The amicus brief submitted by our environmental coalition, and written by the UCLA Environmental Law Clinic, speaks to the purpose and efficacy of local bag bans.  Here are some of the more salient points in the brief:

1) Litter is a costly problem for municipalities. According to the California Department of Transportation, state and local governments in California spend over $375 million per year on litter prevention and cleanup.  (Don’t Trash California, CalTrans, Facts at a Glance.

2) Single-use plastic bag litter is a major source of coastal pollution.  Over the past twenty-five years, plastic bags have been one of the top items collected on International Coastal Cleanup Day.  (Ocean Conservancy, Tracking Trash: 25 Years of Action for the Ocean (2011) p. 5.)   The Ocean Conservancy reports that, on International Coastal Cleanup Day in 2010, plastic bags were the most commonly collected item after cigarettes and plastic bottles, accounting for 10 percent of total debris items collected worldwide. (Ocean Conservancy, Tracking Trash: 25 Years of Action for the Ocean (2011)).

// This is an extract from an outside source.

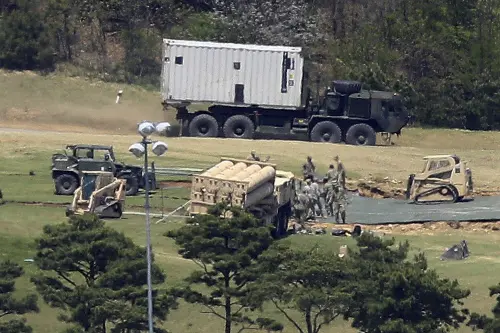 U.S. Army soldiers install the THAAD| AP File Photo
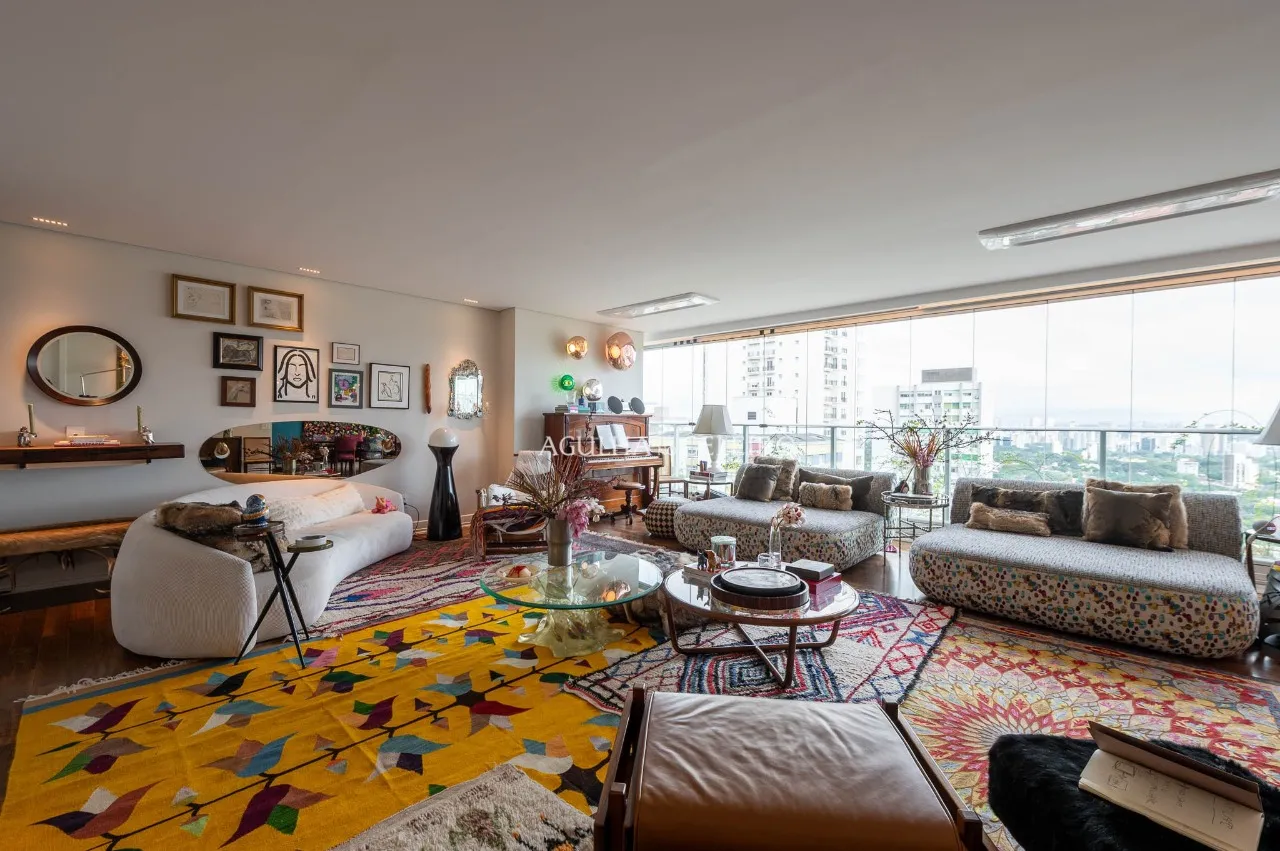 Um refúgio exclusivo com vista permanente para o Jardins. – 9488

3) Plastic bag litter is harmful to wildlife.  Microplastics pose threats through chemical leaching to the more than 180 species of marine wildlife that have ingested them (Teuten et al., Transport and Release of Chemicals from Plastics to the Environment and to Wildlife (2009) 364 Philosophical Transactions of the Royal Society B: Biological Sciences 2027, 2036, 2040-42).

4) State and local mandated recycling efforts have failed. Four years after California Assembly Bill No. 2449 instituted a pilot program requiring most large California retailers to host in-store plastic bag recycling programs, the statewide plastic bag recycling rate has remained virtually unchanged.  (Californians Against Waste, The Failure of Plastic Bag Recycling (Feb. 6, 2012)).

5) Bag bans are effective.  Since the Los Angeles County ordinance was put into effect, it has resulted in a 94 percent reduction in single-use bag usage at large retailers and pharmacies, including the elimination of all single-use plastic bags and a 25 percent reduction in paper bags. (L.A. County Dept. of Public Works, Implementation of the County of Los Angeles Plastic and Paper Carryout Bag Ordinance (Nov. 2012) p. 1). Eleven months after the City of San Jose enacted it’s ban, its 2012 litter surveys indicate that plastic bag litter has been reduced by “approximately 89 percent in the storm drain system, 60 percent in the creeks and rivers, and 59 percent in City streets and neighborhoods, when compared to [pre-ordinance] data . . . .”  

The environmental coalition that submitted the amicus brief hopes that it will prompt the Court of Appeal to set precedent to allow the successful trend of single-use bag bans and fees in the state of California to continue moving forward.